As part of my work to fix the RC Map problem for AC3.3, it makes sense to fix the Tricopter tail servo problems at the same time. The timing on this work is really tight as we're down to the wire to make it into AC3.3. Unfortunately I don't have a tricopter to use, so I need help from some keen testers who will be able to load and fly a custom binary that will be based on the AC3.3 RC releases. I have a couple of things I'd like to accomplish:
1) Allow proper independent servo reversing, without the current hack which is to use the Ch7 reverse.
2) Allow proper tail servo endpoint adjustment so that servo will not move beyond mechanical limits, ever.
3) Allow tail servo to always move while disarmed. Currently it appears it doesn't move until it's armed?
Are there any other issues I should be aware of?
One idea I had while looking at the code, was the concept of doing straight control pass-through of the tail servo control while disarmed. It would bypass the PID, and would map the stick directly to the servo. This would allow you to easily check servo operation. The disadvantage would be, you could not see the PID action.
What do you think, which way would be more useful?
Replies
Rob, as I mentioned in the 3.3 thread, I am more than happy to test tricopter-specific builds and to collaborate with you in whatever way is most useful.
As for your specific items, just starting from scratch since I just discovered this thread:
The other thing off the top of my head would be smoothing out the wagging yaw, where there is a bit of rubbery 'give' that it somewhat difficult to account for in flight. I know some other FC's have gotten around it, but I don't know exactly what changes were made to get there.
As for your PID/no PID disarmed servo question, the more I think about it I feel like you should not bypass the PID and just have it work only when armed (if possible). That way, you could check the behavior of the servo when armed, but on the ground with the motors spinning idle. Does that make sense?
You originally posted this in May, anything else you'd like me to try that has changed since then?
Best,
Patrick
Hi Guys,
Sorry, I've neglected this thread for a while. The changes I discussed have made it into RC7, however, there has been no functional testing as I don't have a tricopter to play with. Randy has updated the wiki to explain how the new parameters work:
http://copter.ardupilot.com/wiki/tricopter/
The concept is that your Ch7 on your Tx should now be set to default, don't do the servo reversing in it, or adjust the range, or anything like that. It will only look at those Ch7 on the input side of things. The output servo is now managed by the new parameters. You should now have range limiting, trim and reversing without having to mess with your radio.

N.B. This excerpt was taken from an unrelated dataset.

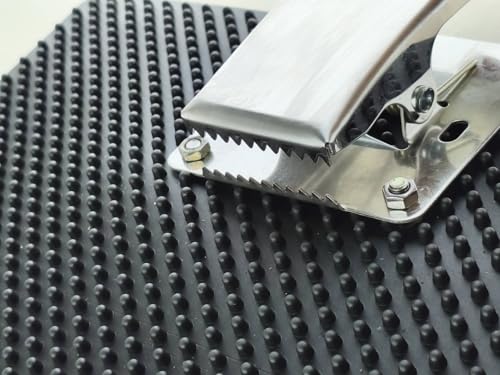 Tabla de cortar de silicona antideslizante rectangular negra miniatura 4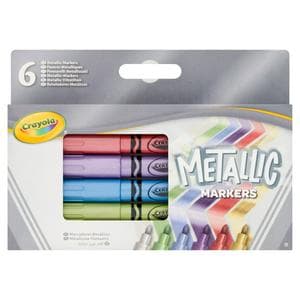 Crayola Pack of 6 Metallic Markers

Please give it a bench test, and see what you can get working, report on what's not working, videos would be appreciated if they help explain it.
Is there any work still going on for tricopters in AC3.3? 3.3-rc7 seems to have made mine unflyable. Wondering if something was changed recently that I wasn't aware of. Also posted about this in the main AC3.3 thread but that thing is a beast and I figured it might be easier to discuss it in here.
Mine was unflyable with 3.3rc8 as well until I made some Rate Yaw changes suggested by Randy:
If it matters, I'm also using the latest beta Mission Planner. This change really made a huge difference.
One thing I have noticed, though, is even doing a simple accel calibration requires a power cycle before things make sense in flight data display. But once I do that and see things settle down on the GCS, flight is perfectly fine.
Hi Rob....I have a well flying, large, Pixhawked tricopter (17" props) I'd be happy to test on, but I won't be able to do it for about a week due to travel. It suffers from just a little bit of yaw wobble at this point, most of which was eliminated by turning the Stabilize Yaw P way up. I'd be interested if your new code can eliminate that.
My tail servo hinge travel is somewhat limited but I dealt with that by using a HiTech digital servo with programmable endpoints. Works very well. I had first attempted to accomplish the limiting by setting the RC7 endpoints much closer to center (to reduce the throw) but the damn thing wouldn't arm. I finally found in the code a prearm check to verify each RC channel's calibrated range is between coded maxs and mins. But you've probably already dealt with that.
I see no reason the tail servo couldn't be migrated from channel 7. However that's such an unusual channel I always thought whoever wrote that first code had some sort of good reason for it. I'd suggest asking other Devs if they knew why 7 was selected.
Tail servo movement while disarmed would be real helpful. A straight pass through would be fine. No need for the PIDs to see that the servo is working correctly.
That would make sense. I could change that easily, but I fear what would happen if somebody loaded 3.3 without reading the release notes and changing their wiring around.
That's a pretty compelling argument. I guess if you didn't rewire to the correct channel, you'd have the tail motor go to half throttle when you armed. Or even full, since you'd be arming with full right rudder. That could be ugly.
Yeah. It probably would just not arm the ESC as it wouldn't necessarily get the min throttle setting. But it's just risky.
For reasons unknown to me, the tail servo uses Ch7 for output. I think it would make more sense to use 3 (1,2 and 4 are motors right?). Anybody have an opinion on using Ch3?